There has been a dearth of information coming from the state for much of the contest. In one of only two recent Democratic statewide polls, SurveyUSA had Obama on 52%, Clinton on 42%, with 3% declaring themselves Undecided 3% (as of April 8th, 2008). Previous polls of all voters have shown that Oregon would favour Obama over McCain, but McCain over Clinton in the presidential head-to-heads. However, these are a poor guide for the Democratic primary, given that a different constituency of voters has been polled – the margins in head-to-heads being provided by Independents and others not able to vote in the closed (Democrat only) primary election. Previous polls all showed Clinton leading, though since the Iowa caucus, only one such poll has been published (Clinton 36%, Obama 28%, Edwards 14% in late January 2008).

Governor Ted Kulongoski has endorsed Hillary Clinton, along with retiring Congresswoman Darlene Hooley (Dem, OR-5 – as an open seat, the only Democratic district in Oregon at risk in November).
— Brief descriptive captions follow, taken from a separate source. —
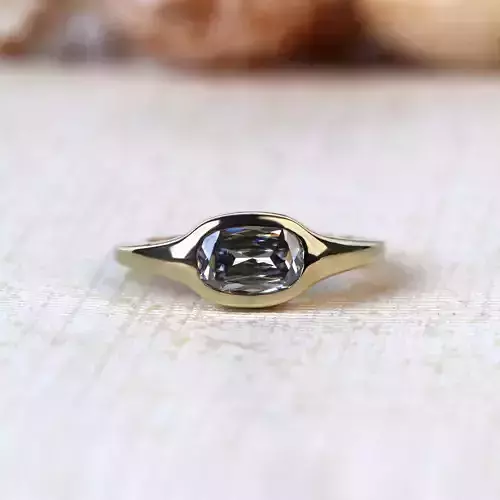 Modern Cushion Cut Diamond Engagement Ring - 3D Printable Model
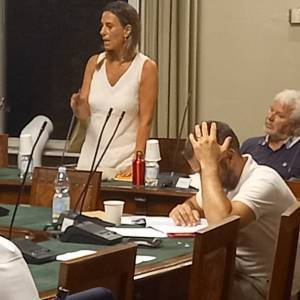 79f1bb46-978f-42d2-9bb2-e0e7533d5e98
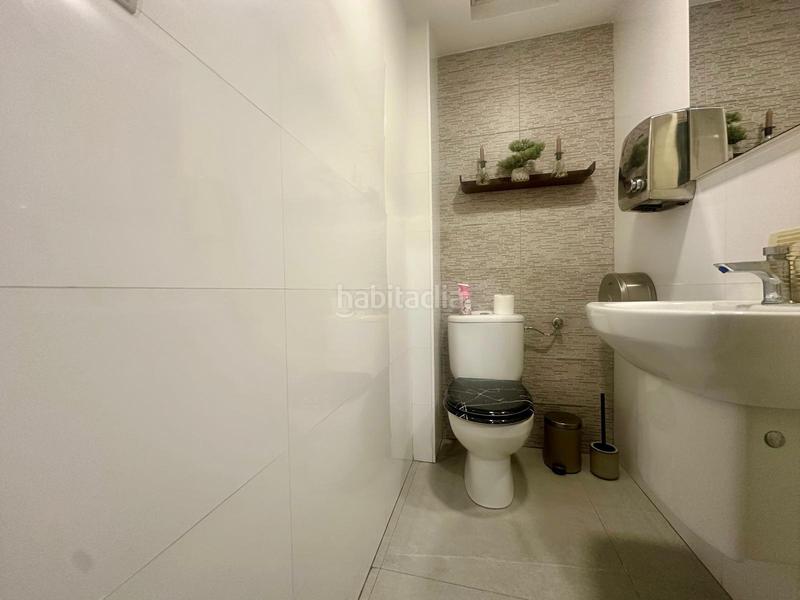 Foto c6981f81-ebd7-4a7d-a24b-35196fb4c8fc. Location local commercial dans Centro San Juan de Alicante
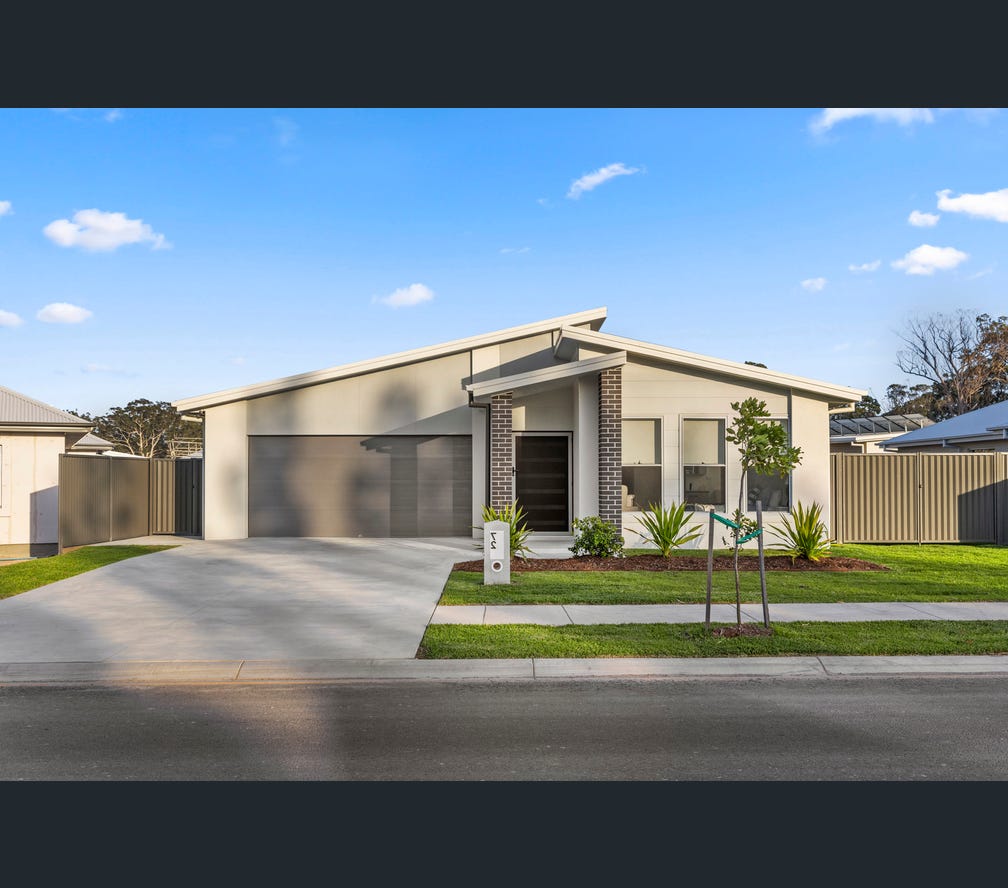 Property listing image for 10 Cottesloe Court, Woolgoolga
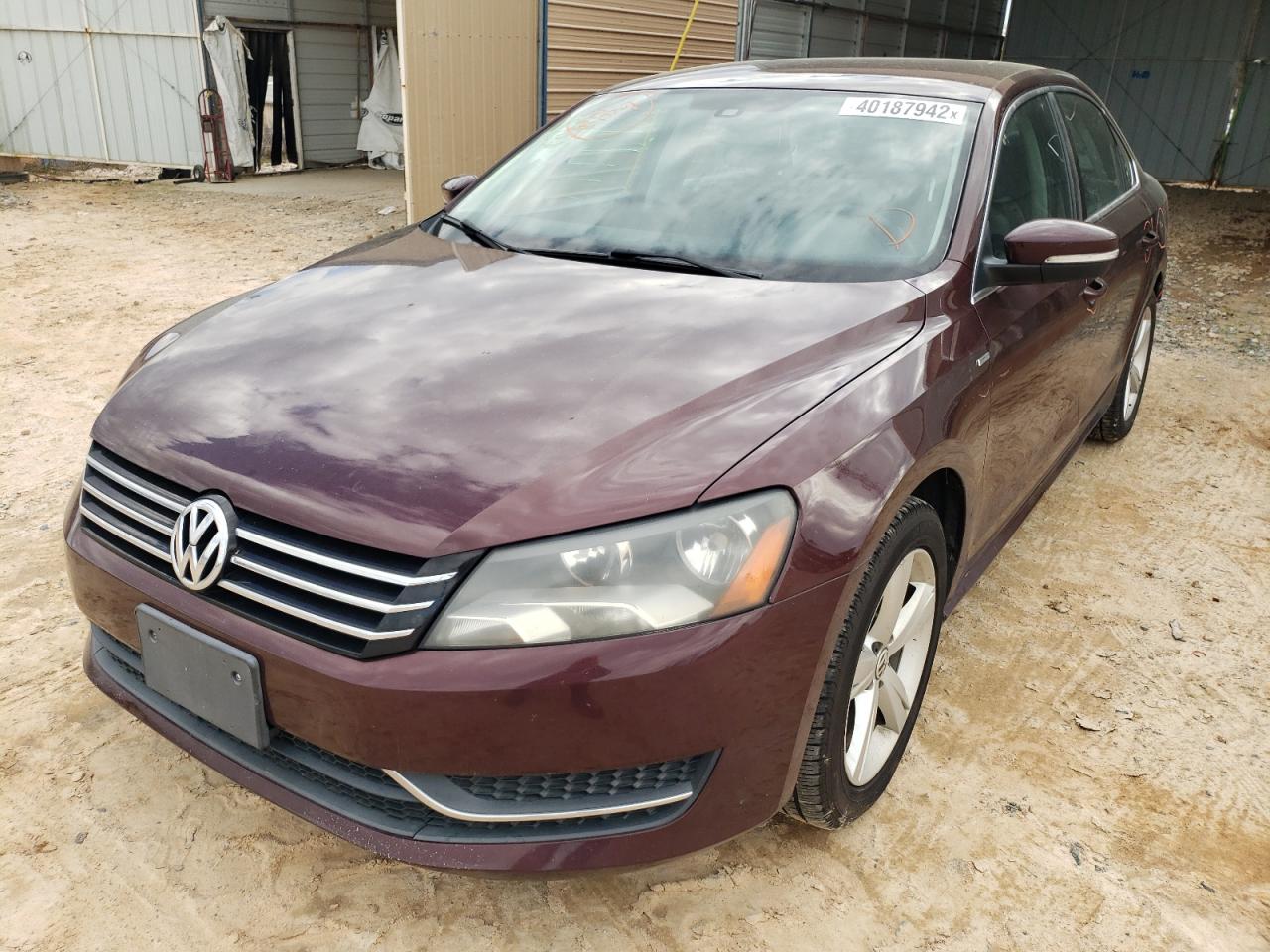 Photo 2 from auction – 2014 VOLKSWAGEN PASSAT S with VIN 1VWAT7A30EC056231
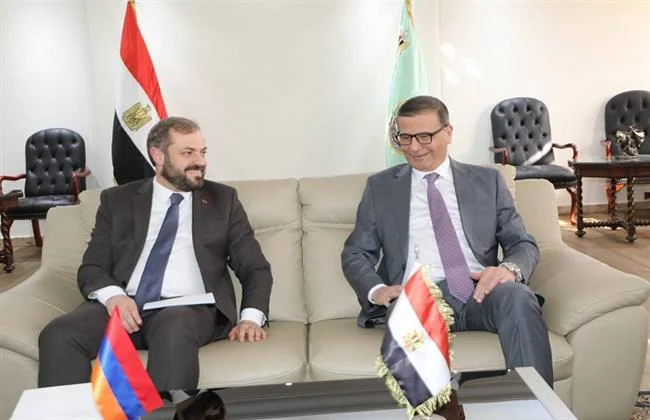 وزيري الزراعة المصري والأرميني يراجعان سبل التعاون الزراعي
Earl Blumenhauer (Dem, OR-3) has endorsed Barack Obama, but the remaining 3 Oregon Congressmen and Oregon Democratic Senator Ron Wydon have chosen not to endorse either candidate at the time of writing. Joining the fence-sitters, former Governors Barbara Roberts and John Kitzhaber, and the non-partisan Mayor of Portland, Tom Potter. Obama has, however, received the backing of both the full Democratic delegations to the Oregon State Senate and State House of Representatives.

Politically, the only other race of any interest in the state is choosing a Democrat to face (and possibly beat) incumbent Republican Gordon Smith as US Senator in November. With Kitzhaber and the entire Democratic US House delegation ruling themselves out, Speaker of the Oregon House of Representatives Jeff Merkley (an Obama supporter) is facing disabled Environmental campaigner Steve Novick for the Democratic nomination, and a former chairman of the National Endowment for the Arts, John Frohnmayer, is likely to run in November as an Independent. Merkley’s campaign is doing well in fundraising, and the presence of committed activists working the streets for an Obama supporter could make all the difference in a tight race.

What seems apparent is that Oregon could trend either way – both Clinton and Obama enjoy institutional support, and both can see demographics that typically support them. Little polling of Democrats has taken place, and neither lead enjoyed by either candidate in January and April respectively could reasonably be described as insurmountable. I believe that this state is still very much in play, and Obama would be foolish to assume that he could rely on its support.

If we accept that Obama has won the season on both Pledged delegates and the Popular Vote, the only reason that Superdelegates would be waiting before supporting him (assuming they are not all closet Clintonistas) is that they do not want to disenfranchise the few remaining states who have yet to vote.

Clinton’s major challenge will be to stop them from going wholesale to Obama on 4th June, preventing her from being viable until the Convention in late August, or even until the Credentials Committee meets on Florida and Michigan at the end of June. The question is whether (excepting North Carolina) Clinton can put in the necessary effort in Oregon to chance a near-clean sweep from her victories in Rhode Island and Ohio on March 4th through to the South Dakota and Montana challenges on 3rd June.

If so, the momentum could be sufficient to persuade Superdelegates to further delay open judgment, and thus keep her alive beyond the 4th June, thereby giving her the opportunity to ‘steal’ the ticket at the Convention in Denver. Should she lose Oregon, which seems quite possible, even she may be forced to accept that it is all over.

In the most recent poll on May 1st reported that Obama enjoyed a 51% – 39% lead over Hillary Clinton.